Creating a Locuszoom Plot
Locuszoom plots have the same basic structure as Manhattan plots, however, they are useful in that they include additional information such as gene location, r-squared values (LD), and estimated recombination rates. Once you have generated your logistic association file (the one using the 5 PCs) from Section 2.2 and identified the top SNP from this association, it is very easy to navigate to the Locuszoom website and create the plot.

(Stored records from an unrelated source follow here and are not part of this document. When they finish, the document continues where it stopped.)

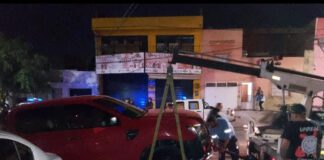 Secuestraron un vehículo y una moto por carecer de documentación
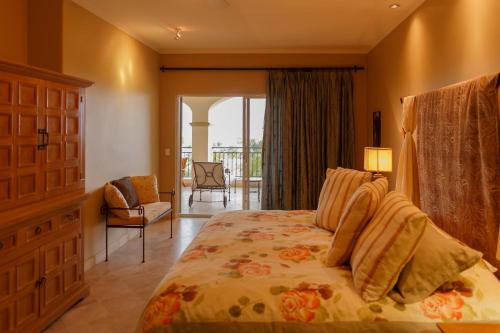 a bedroom with a large bed and a balcony at Las Mañanitas LM F4404 in San José del Cabo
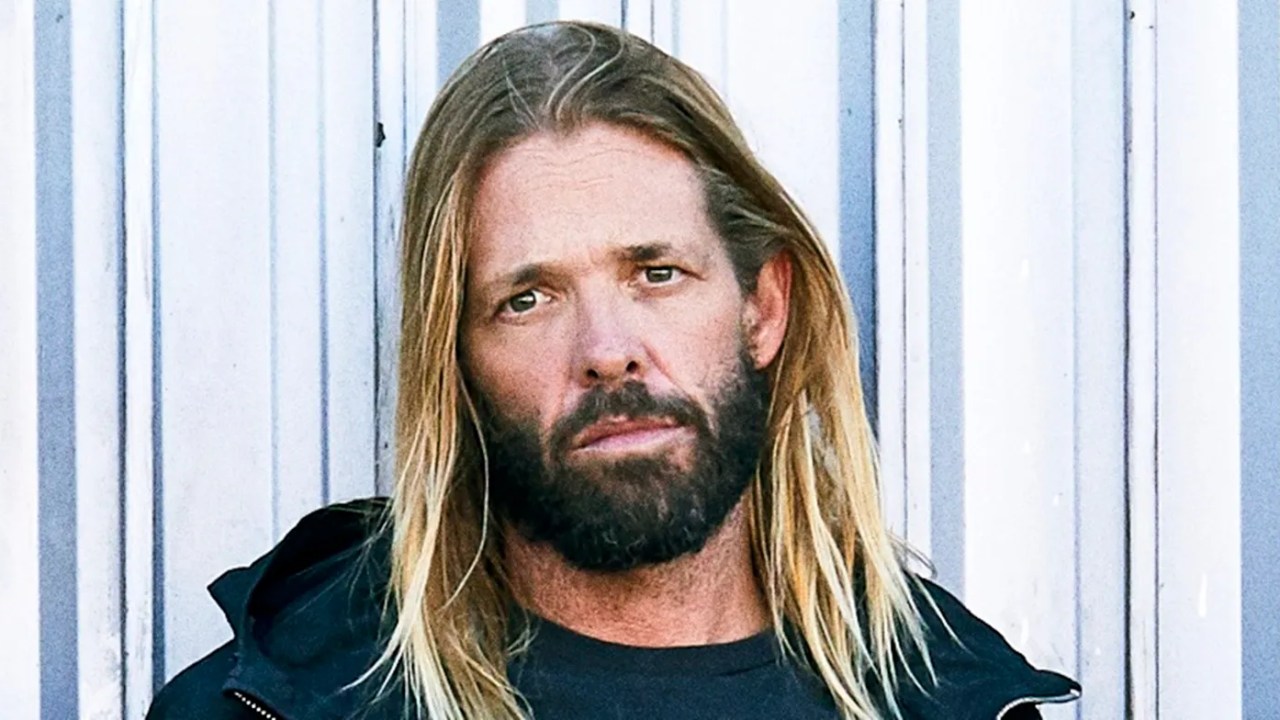 O baterista Taylor Hawkins, do Foo Fighters, encontrado morto na Colômbia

Create a locuszoom plot using the web server here. Use the significance reported in the .logistic file (not the .logistic.adjusted file) from section 2.2. (once again, you’ll need to move the file from the cluster to your local environment).
The website recognizes a SNP by genomic position along with the reference/alternative alleles. But the current .logistic file does not includes non effect allele. To fix this issue, please refer to example_rscript_to_convert_plink_assoc_to_locuszoom_input.R
in the data folder to see one possible work-around.
After uploading the GWAS results, you will hit button “submit” which will submit a job to server to generate the locus zoom plots. Once the job is finished, you will be noticed by email with the link to report. In the report page, the link “region plot” directs you to the locuszoom plot. The color of each point indicates the pairwise correlation of that SNP with the focal SNP (which we entered as the most highly associated SNP). Additionally, the blue line in the background demonstrates the estimated recombination rate (cM/Mb) from the much larger HapMap dataset external to our Case-Control dataset.
Problem 15
Why do you think many of the SNPs surrounding the focal SNP are colored more red-ish (i.e. are more correlated)? Do you notice any pattern between the color of these points and the background recombination rate?
Assessing multiple association signals in this region
Often, you may want to know whether there are other significant association signals conditional upon identification of a highly-associated SNP (such as the one you identified in Section 2.2). To determine if there are multiple association signals in this region, run the logistic with covariates again using the “–condition rsXXXX”" flag to adjust for the top SNP. Please record the command in the bash script
Problem 16
Use locuszoom to plot the -log10 P-values from the new analysis. Show the plots for both the unconditioned (the very first locuszoom plot) and the conditioned files (for region 13:73666628-74166628).
Problem 17
Interpret the results of the two plots by writing 1-2 sentences for each.